Sierra Grande School hosted its annual Veterans Day program on Monday morning.
Sierra Grande fourth grader Iava Oringdulph-Williams sang the National Anthem after the flag raising ceremony. Symbols of a missing soldier's life were part of the POW/MIA ritual.
Courier photos by Lauren Krizansky
BLANCA/FT. GARLAND — Sierra Grande School hosted another memorable Veterans Day program on Monday.
The event included traditional flag raising ceremonies and singing of the national anthem, speeches from American Legion District 9 Vice-Commander Carol Kennedy and Costilla County Commissioner Crestina Martinez, a slide show and a presentation of pins and letters to the veterans. American Legion Post 142 Commander and Chaplin Bianes Elias Garcia conducted a traditional POW/MIA ceremony to recognize those who are not able to join the celebration.
The POW/MIA ritual
Those who have served and those currently serving the uniformed services of the United States are ever mindful that the sweetness of enduring peace has always been tainted by the bitterness of personal sacrifice. We are compelled to never forget that while we enjoy our daily pleasures, there are others who have endured and may still be enduring the agonies of pain, deprivation and internment.
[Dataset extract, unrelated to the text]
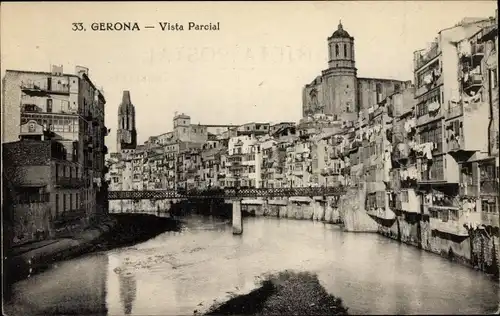 Ak Gerona Katalonien Spanien, Vista parcial, Flusspartie, Brücke, Kirchturm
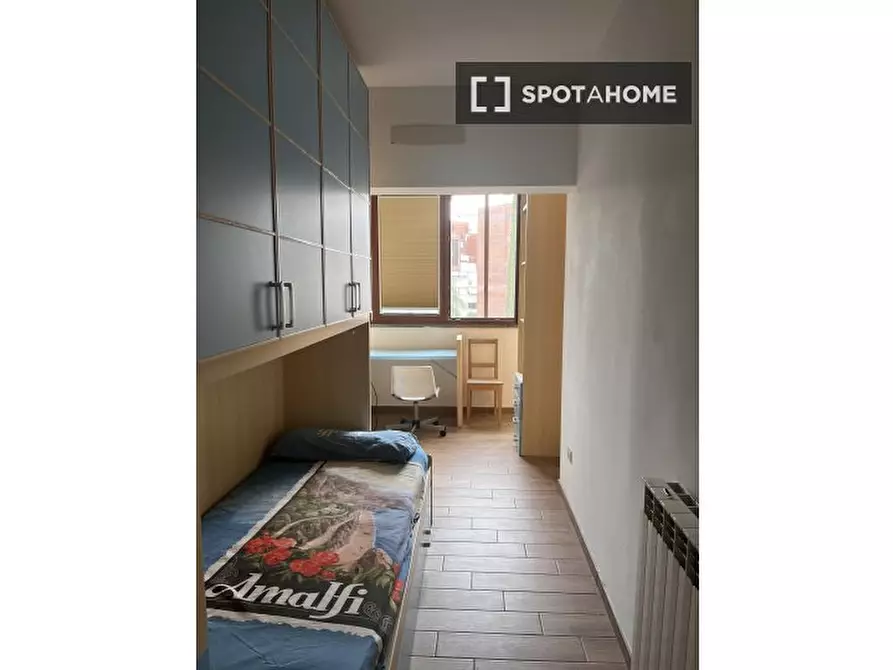 Immagine 1 di Camera condivisa in affitto  in Viale Londra a Roma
Before we begin our activities this evening, we will pause to recognize our POW’s and MIA’s.
We call your attention to this small table, which occupies a place of dignity and honor near the head table. It is set for one, symbolizing the fact that members of our armed forces are missing from our ranks. They are referred to as POW’s and MIA’s.
We call them comrades.
They are unable to be with their loved ones and families tonight, so we join together to pay our humble tribute to them, and bear witness to their continued absence.
This table, set for one, is small, symbolizing the frailty of one prisoner, alone against his or her suppressors.
The tablecloth is white, symbolic of the purity of their intentions to respond to their country’s call to arms.
The single red rose in the vase, signifies the blood they many have shed in sacrifice to ensure the freedom of our beloved United States of America. This rose also reminds us of the family and friends of our missing comrades who keep the faith, while awaiting their return.
The yellow ribbon on the vase represents the yellow ribbons worn on the lapels of the thousands who demand with unyielding determination a proper accounting of our comrades who are not among us tonight.
A slice of lemon on the plate reminds us of their bitter fate.
The salt sprinkled on the plate reminds us of the countless fallen tears of families as they wait.
The glass is inverted - they cannot toast with us this night.
The chair is empty - they are not here.
The candle is reminiscent of the light of hope which lives in our hearts to illuminate their way home, away from their captors, to the open arms of a grateful nation.
Let us pray to the supreme commander that all of our comrades will soon be back within our ranks.
Let us remember and never forget their sacrifices.
May God forever watch over them and protect them and their families.